Tuesday, August 31, 2010

red sox nation state of mind

(this is not an advertisement, I swear)

Living coffee shop to coffee shop my first few days in town. Espresso Royale in the bright, blacktop-hot August morning, claiming my wheat bagel and reading my book about the Brooklyn Dodgers. I come back to Barnes and Noble later, claim a wooden-backed chair and sit and write for an hour. I camp out in Dunkin Donuts in Kenmore Square, sweet thick iced coffee surging through my blood till my hands shake and I can’t get the words down on paper fast enough, and freshman kids sit down next to me talking about the crazy night they had last night at this MIT frat party. One kid’s phone rings and he tells his friend dude, you gotta get up here, Boston is crazy, college is the best. They all know each other already, they all have pictures to show each other on their phones, they are in their first 48 hours of College and this Dunkies is the place to be away from home. Wally the Green Monster greets us at the door – not bad advertising, as he actually talked me into getting a Coolatta two days before, which turned my mouth bright blue for an hour afterwards.
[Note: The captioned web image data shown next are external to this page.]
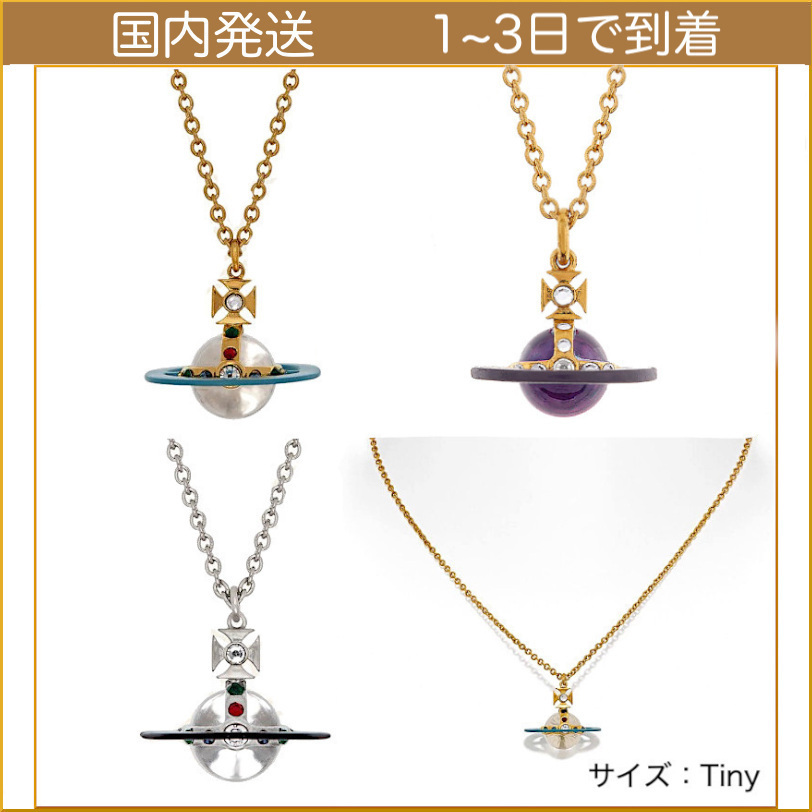 新作★vivienne westwood★Tiny Original オーブロゴネックレス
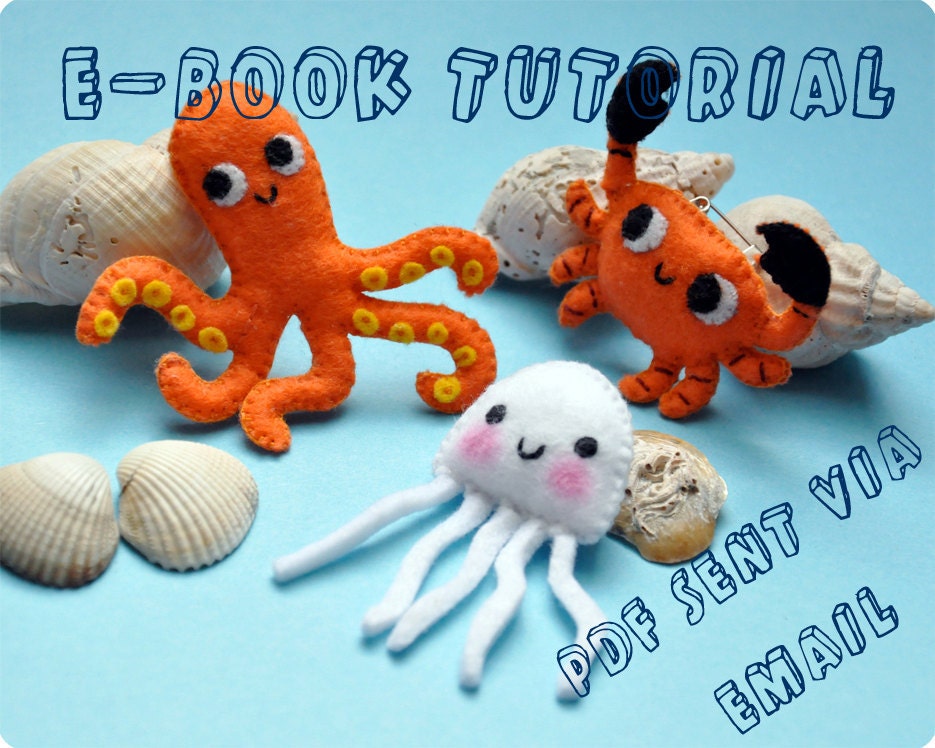 Sea animals felt mascots tutorial ebook pdf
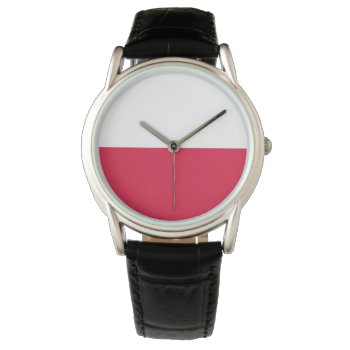 Poland Flag Polish Patriotic Watch by YLGraphics at Zazzle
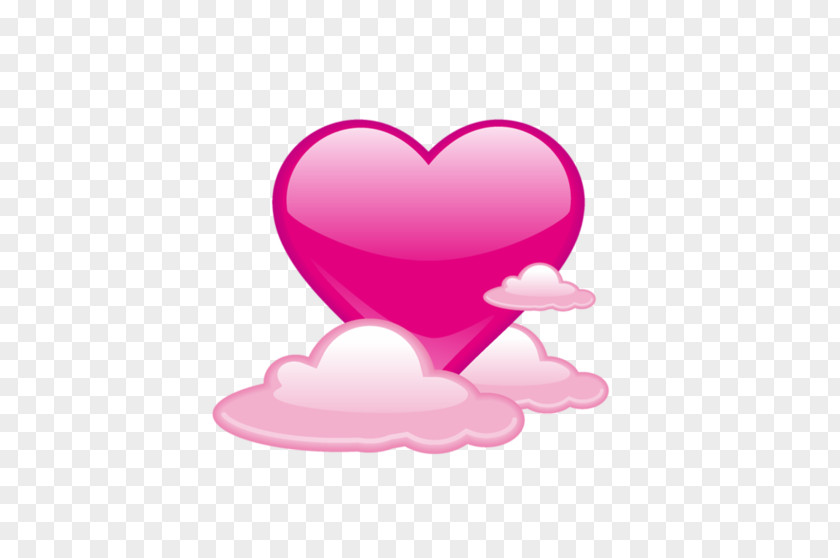Heart Cloud Diagram Clip Art PNG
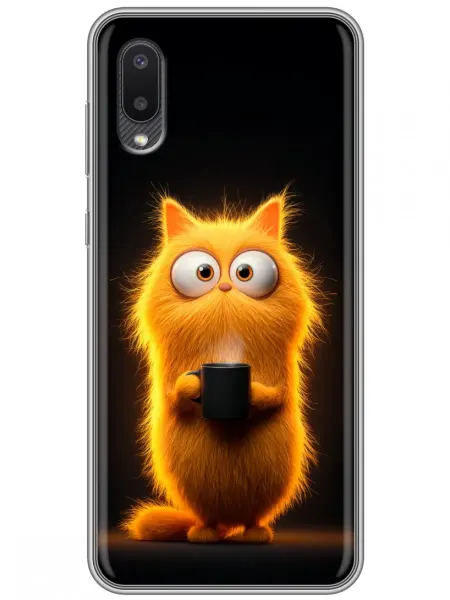 360skin Чехол на Samsung Galaxy A02 смешной котик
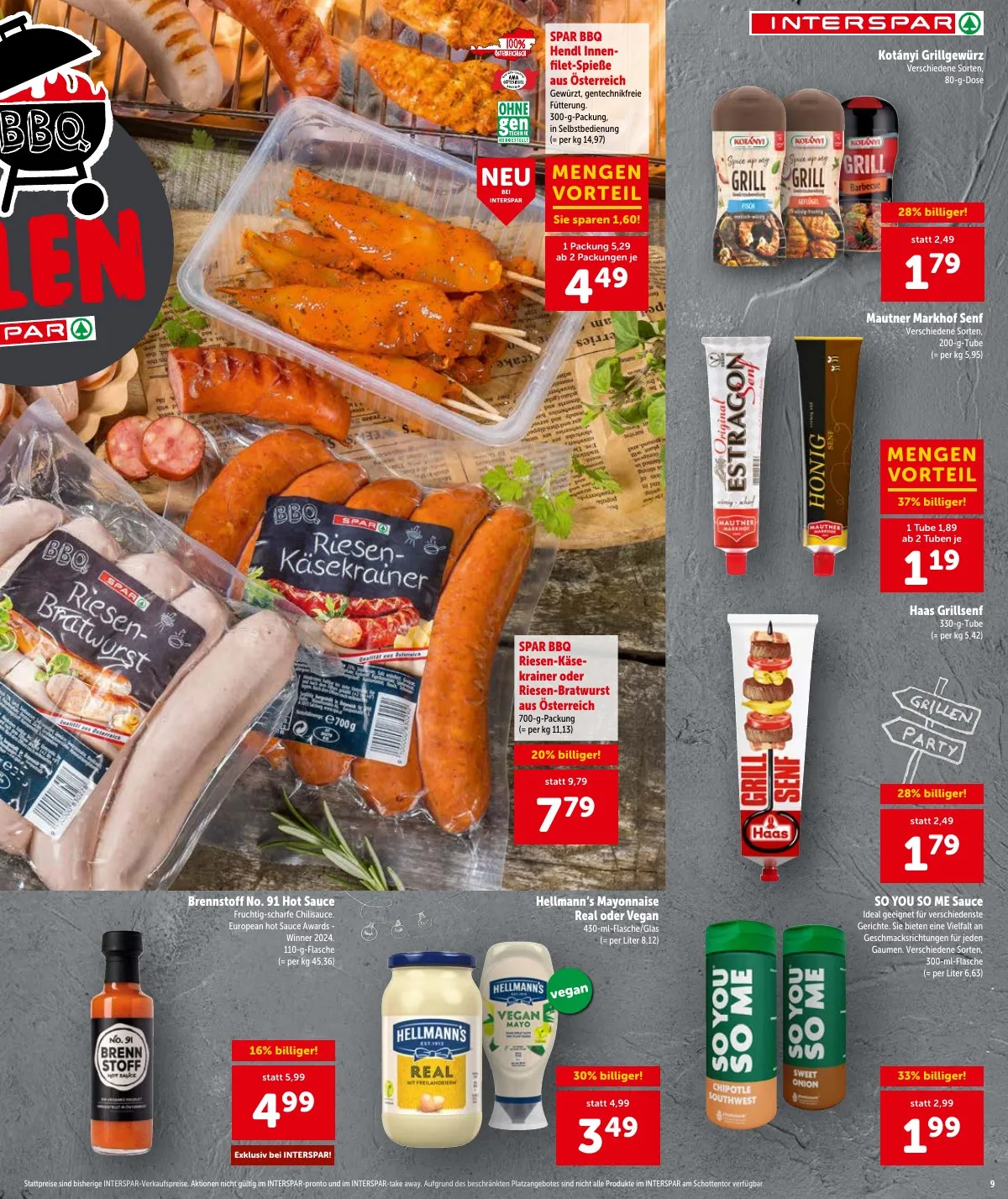 Interspar akciós újság Ausztria 05.07–05.20 – 9. oldal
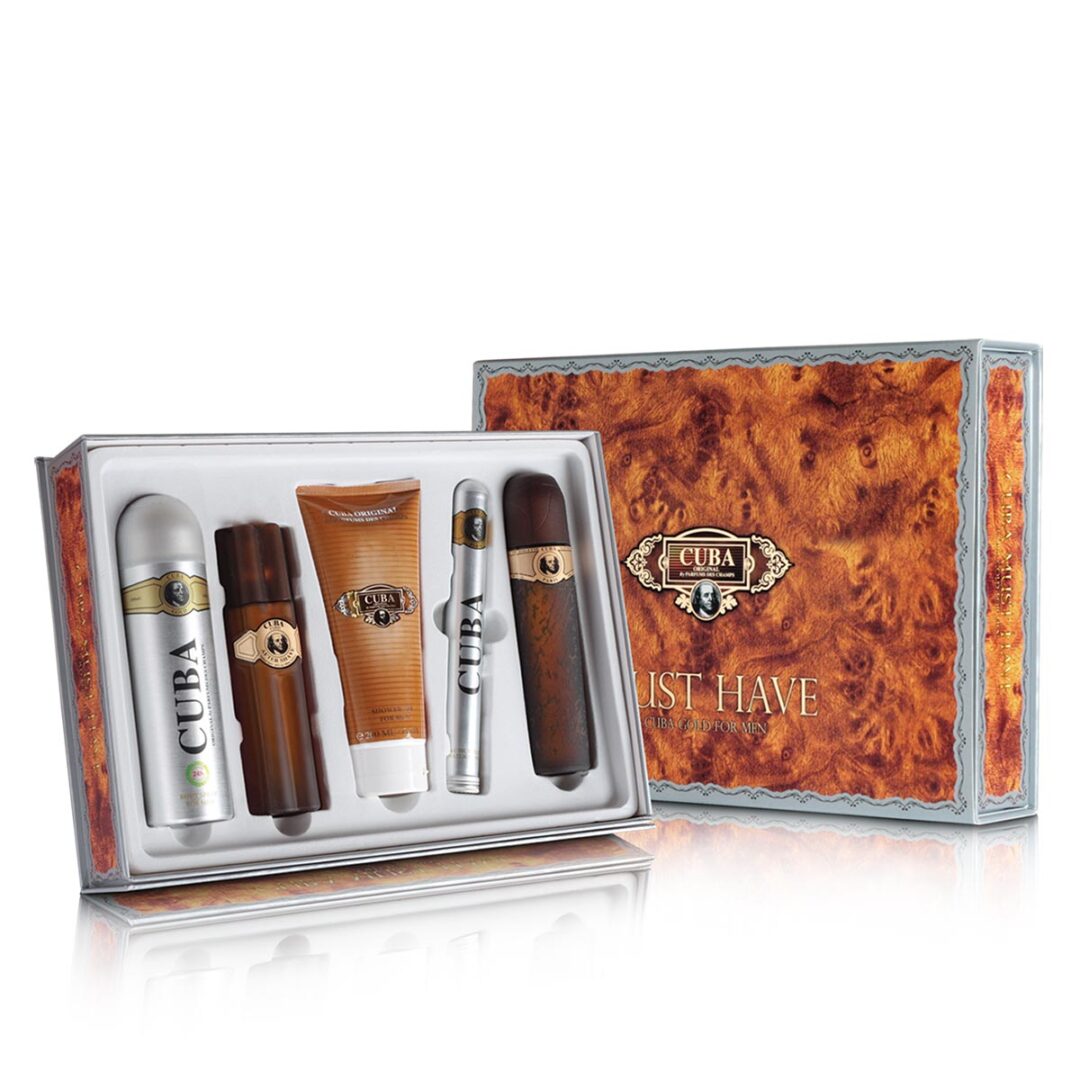 (plu02081) - Set Cuba Gold, PC Design, Apa de Toaleta - 100ml + After Shave - 100ml + Apa de Toaleta - 35ml + Gel de Dus - 200ml + Deo - 200ml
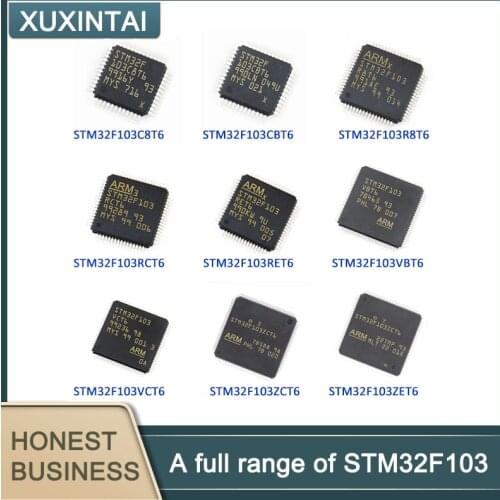 STM32F103C8T6/RET6/RBT6/R8T6/C6T6/VCT6/103CBT6 STM32F103 STM32F103RET6 STM32F103RBT6 ARM® Cortex®-M3 series Microcontroller IC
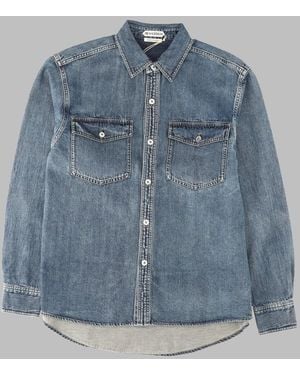 JW Anderson Denim Cotton Overshirt Shirt - Blue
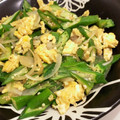きりぼーysm's cooksnap of when they made オクラと卵炒め.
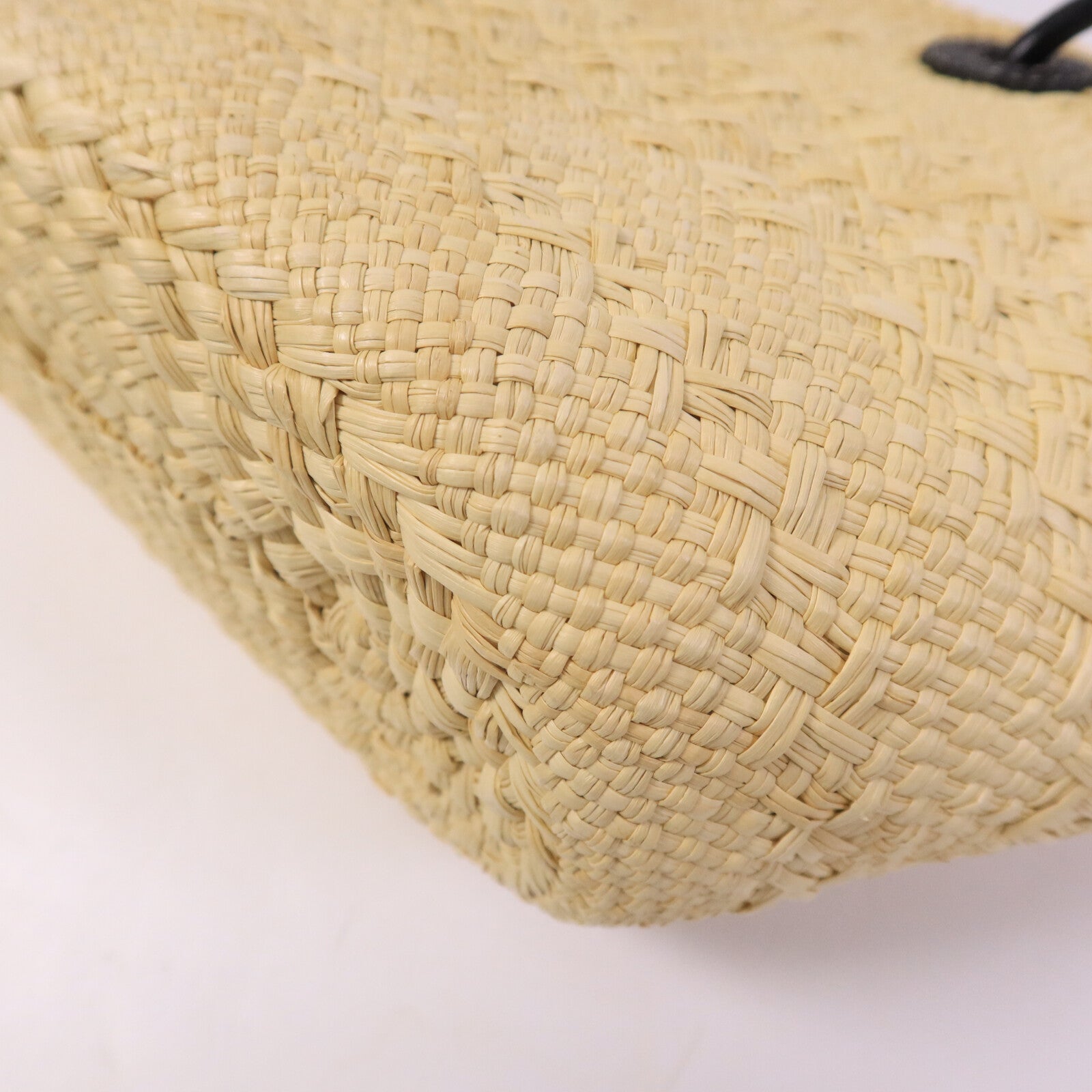 LOEWE Iraca Palm/皮革Small Anagram Basket Bag手挽袋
I camp out in the dining hall on Bay State, empty salad plate in front of me for an hour as I sit and read and talk to my friends miles and miles away. Next day I hit Starbucks for the air-conditioning and a caramel frappucino, an excuse to sit and write some more about the Arizona desert. It’s too hot to be outside, too dark in this narrow room to stay inside, so I bounce back and forth trying to think of things I can achieve before Thursday morning. Minor grocery shopping. Textbooks. Organization. Preparation for a segment of my life to start up again. I bounce coffee shop to coffee shop, air-conditioning to shade, grocery store to CVS, bed to hallway to dining hall, buzzing nervous at the end of summer under a bright blue sky.

Sunday, August 22, 2010

and we'll all float on okay.


found this yesterday. somebody actually knocked the cover off the ball up at the Pleasant Unity field. (quite reminiscent of The Sandlot, right? it was awesome.)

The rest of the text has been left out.